Activity: Starting with the opening line of the entries below, transcribe each line exactly up to and including the one that has "Homemade food coloring"; pictures are not copied.

Records to process:
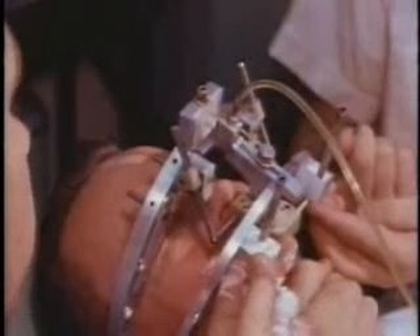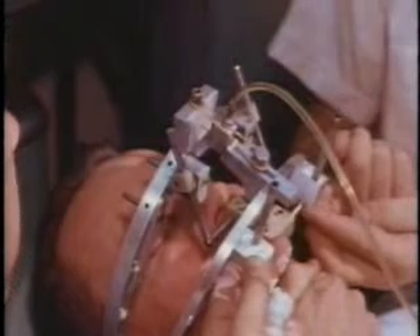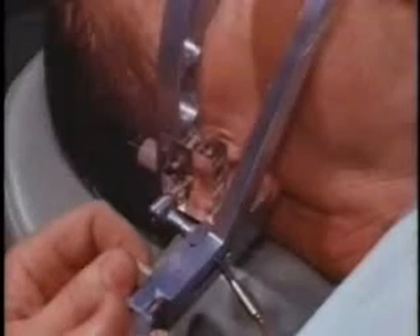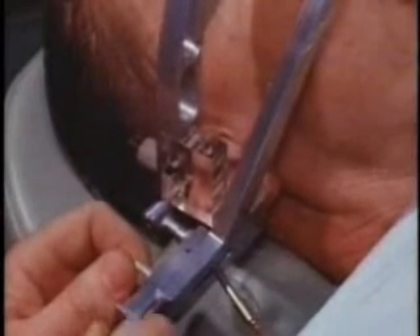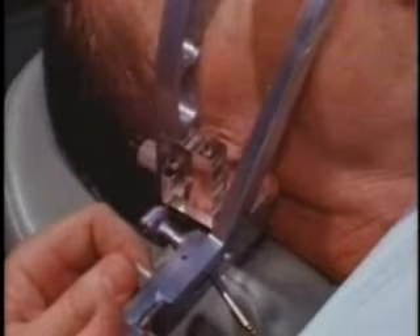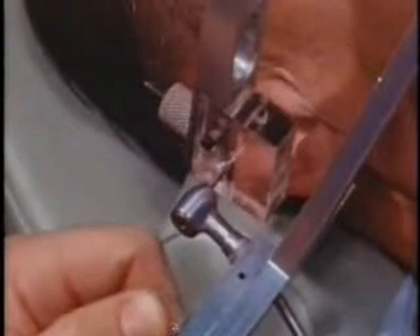The mandible is retruded several times and finally held in centric relation while the plaster sets. The hinge axis of the mandible has now been made collinear to the axis of the recording drills. The drills are retracted from the alignment blocks, thus leaving the lower bow supported totally by the mandible. The mandible is retruded and the drills reinserted to check the accuracy of the axis mounting.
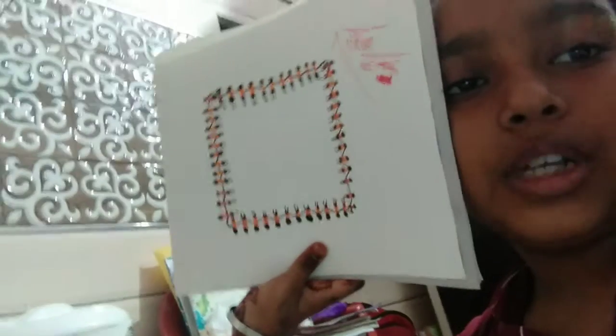We have made a lot of things for children. It looks unique. We have to show this. The next time we come back.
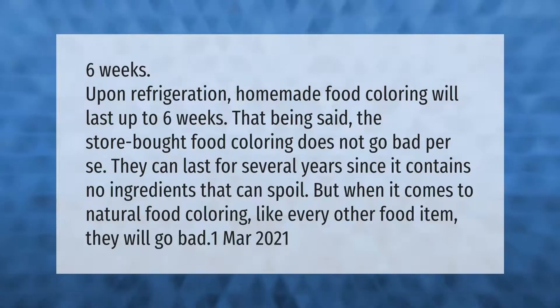Homemade food coloring will last up to six weeks upon refrigeration. That being said, store-bought food coloring does not go bad per se — it can last for several years since it contains no ingredients that can spoil. But when it comes to natural food coloring, like every other food item, it will go bad.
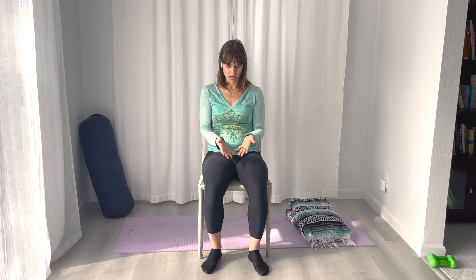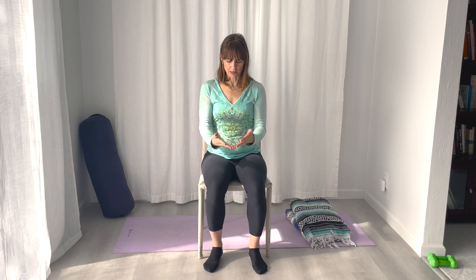Another mudra that would be good to calm and ground yourself is what we call Dvi Mukha Mudra. You're going to be putting the pinky and the ring finger together gently, and then the rest of the fingers are open, resting those hands in your lap. Shoulders relaxed, and pinky and ring finger are connected.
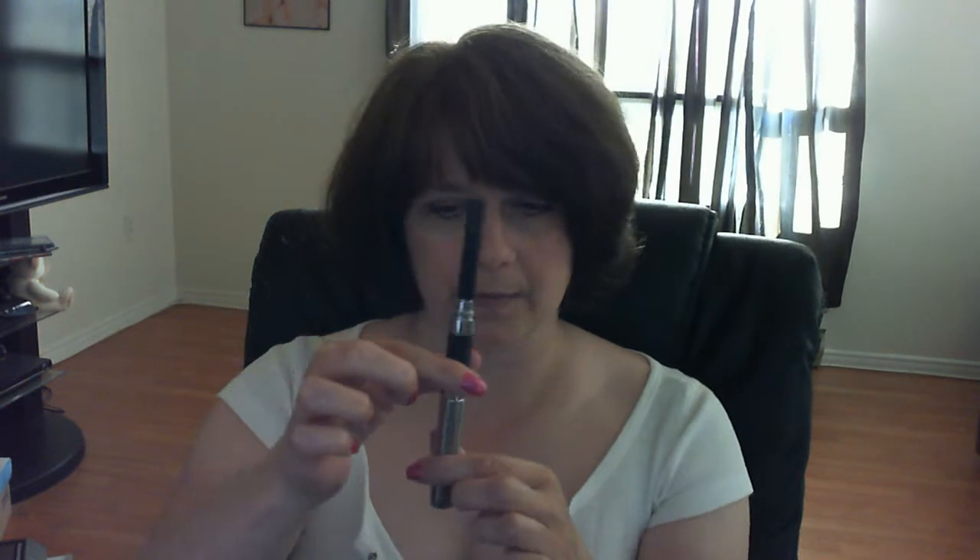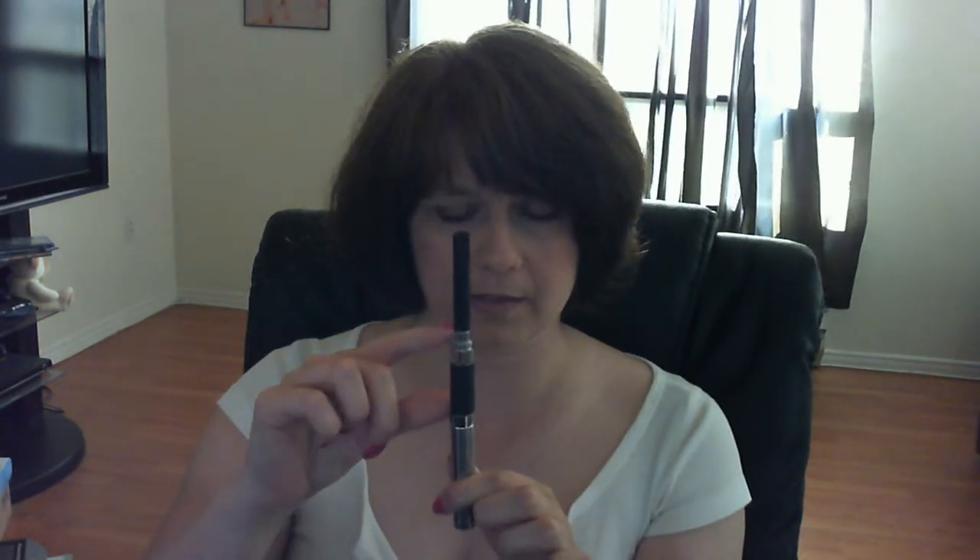This unit works the way it says it does on the site - it goes up, it goes down. It does add quite a bit of length to your eGo - I'd say an extra two and a half to three inches. It is draining my batteries quite a bit faster, maybe taking an hour or an hour and a half off my battery time during the day, so it is draining them faster.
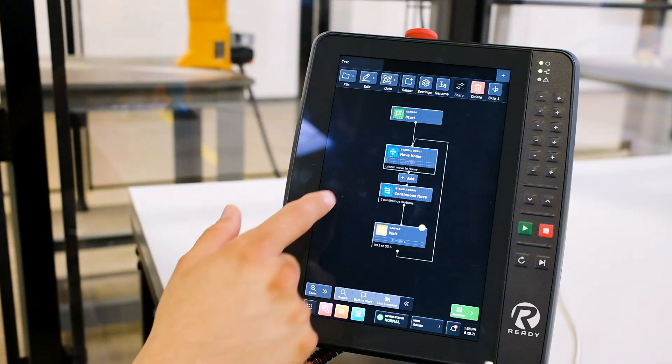Thanks for walking through the new features of Forge OS 5 with us today. Visit our website to learn more.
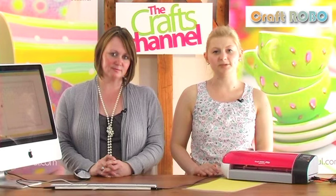Hi, my name is Kate Hemmings and I'm pleased to welcome you to a special project video demonstration brought to you by the Crafts Channel in association with Graft Tech. I'm joined by Kirsty Wiseman who's going to be showing us how to weld shapes using the Craft Robo Light. Hi Kirsty. Hi Kate.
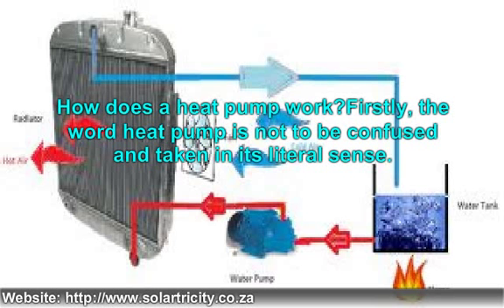When a heat pump is used as a heater, it absorbs heat from its source environment and delivers it to the sink. When used as a means to lower the temperature in the environment, it absorbs the heat from the space to be cooled and injects it into the sink. A heat pump does not produce new electricity.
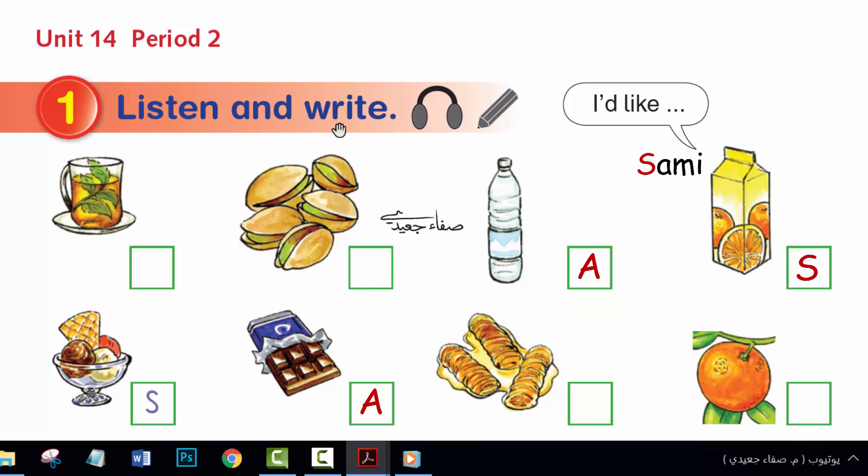Sammy: Hello. Hello. I'd like ice cream and orange juice, please. Here you are. Thank you. Adam: I'd like chocolate and water, please. Here you are. Thank you.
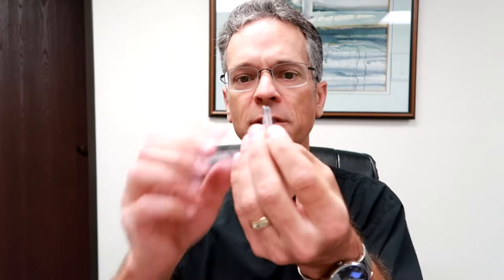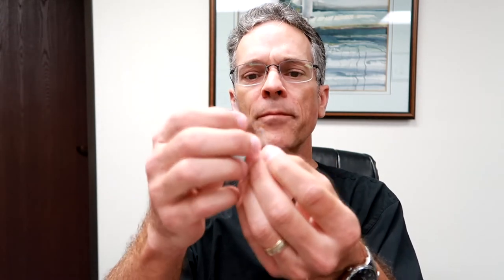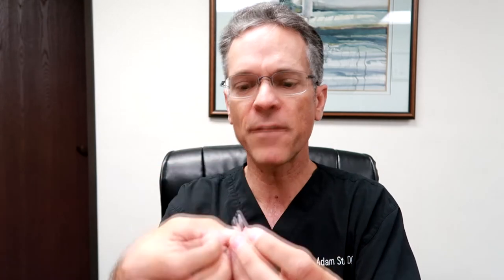In addition to that, it also comes with these little different scoopers. What these scoopers do is, if a person has an impaction of too much wax or a child put something in their ear, you can actually visually see inside the ear and then scoop it out safely, because these things are really soft.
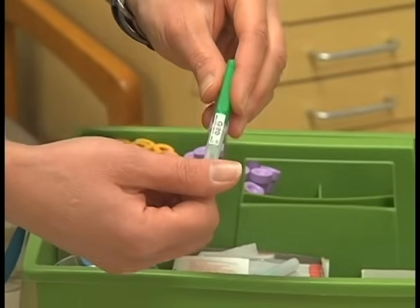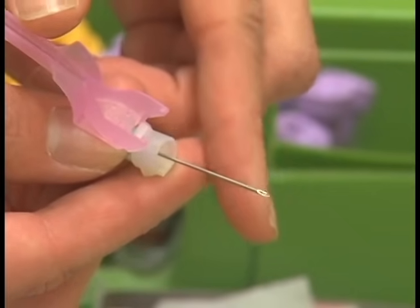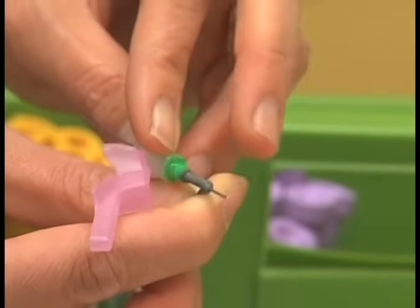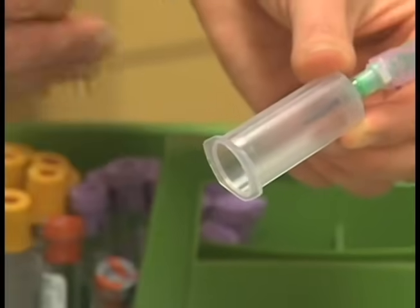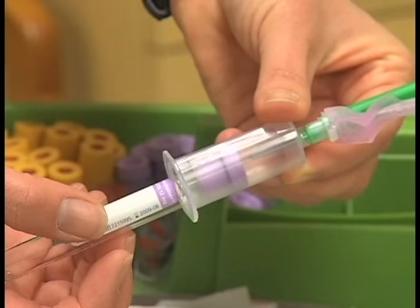Vacutainer needles are packaged in a sealed twist-apart plastic container. The needle consists of a double-pointed stainless steel needle with a threaded hub near its center, coated with silicone enabling it to penetrate the skin smoothly. The anterior needle is longer with a beveled point to facilitate entry into the skin and vein. The posterior needle is shorter and pierces the rubber stopper of the evacuated tube. It has a rubber sleeve that acts as a valve — pushing the tube stopper onto the posterior needle compresses the sleeve, exposing the needle opening and allowing blood to enter the tube. When a tube is removed, the sleeve slides back over the needle opening and stops the flow of blood.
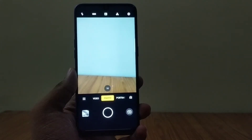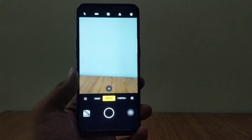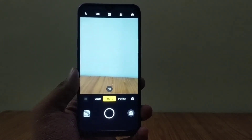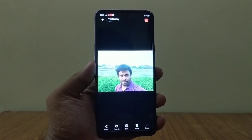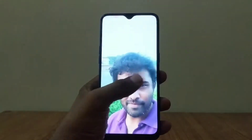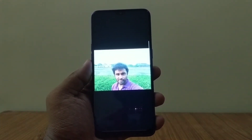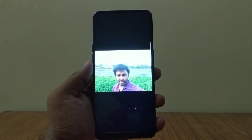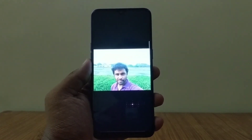The selfie performance on this phone was also really impressive. I covered two modes — normal mode and HDR mode. On normal mode, it does a decent job maintaining the details of your face but tends to wash out the background. For example, where the background was the sky, it looked a little washed out, though in situations with plants or a wall as background it did a really good job.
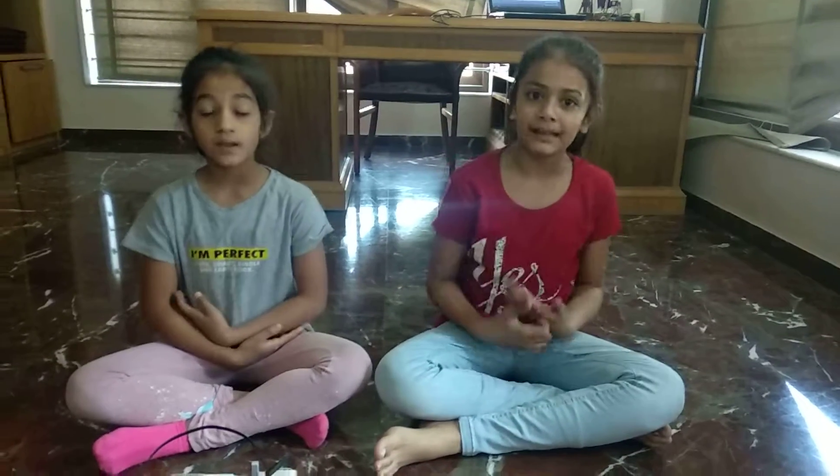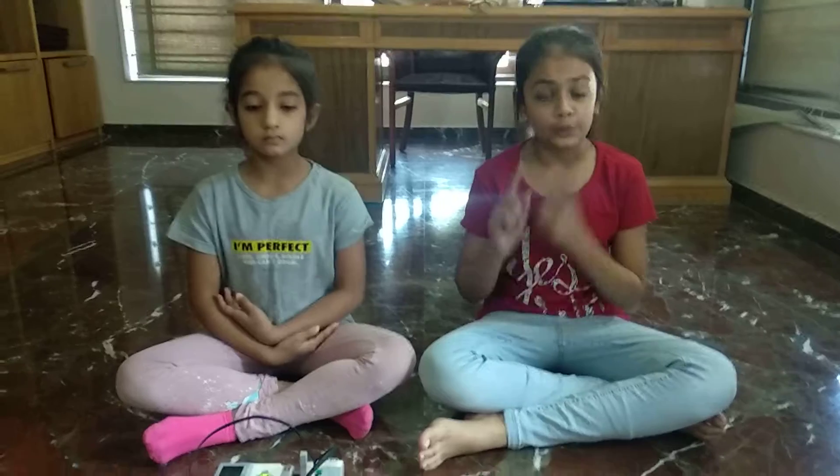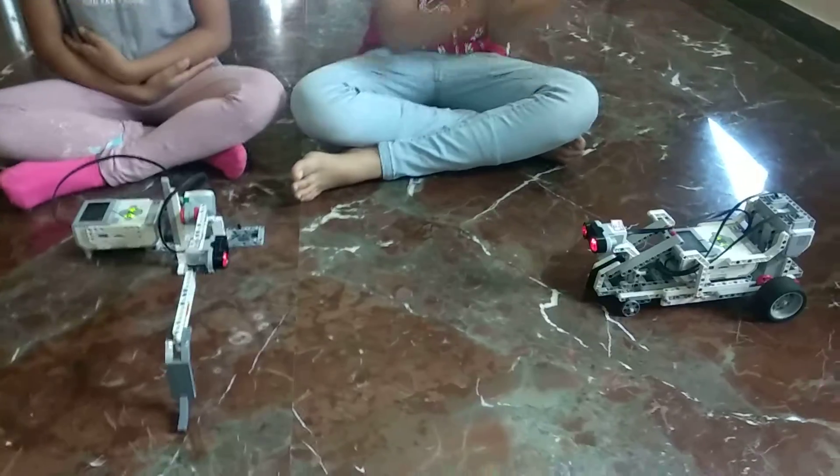Hello friends, myself Arya Patel. Hello friends, myself Amarna Chowdhury. Today we constructed an automated boom barrier with a car. The kit we used is EV3 Mindstorms kit.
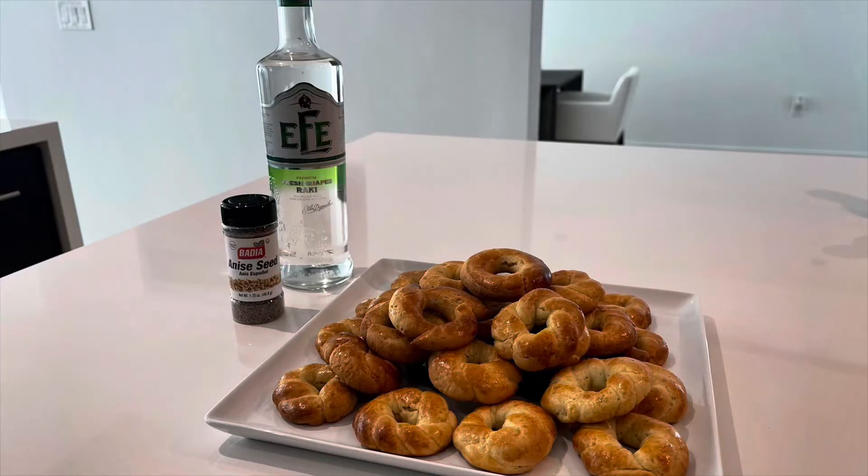Crispy, golden, slightly sweet Biscochos de Raki — Sephardic Turkish Anise Cookies, infused with the flavor of delicious Turkish Raki, a yummy alcoholic drink that is infused with anise.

Task answer:
The mandible is retruded several times and finally held in centric relation while the plaster sets. The hinge axis of the mandible has now been made collinear to the axis of the recording drills. The drills are retracted from the alignment blocks, thus leaving the lower bow supported totally by the mandible. The mandible is retruded and the drills reinserted to check the accuracy of the axis mounting.
We have made a lot of things for children. It looks unique. We have to show this. The next time we come back.
Homemade food coloring will last up to six weeks upon refrigeration. That being said, store-bought food coloring does not go bad per se — it can last for several years since it contains no ingredients that can spoil. But when it comes to natural food coloring, like every other food item, it will go bad.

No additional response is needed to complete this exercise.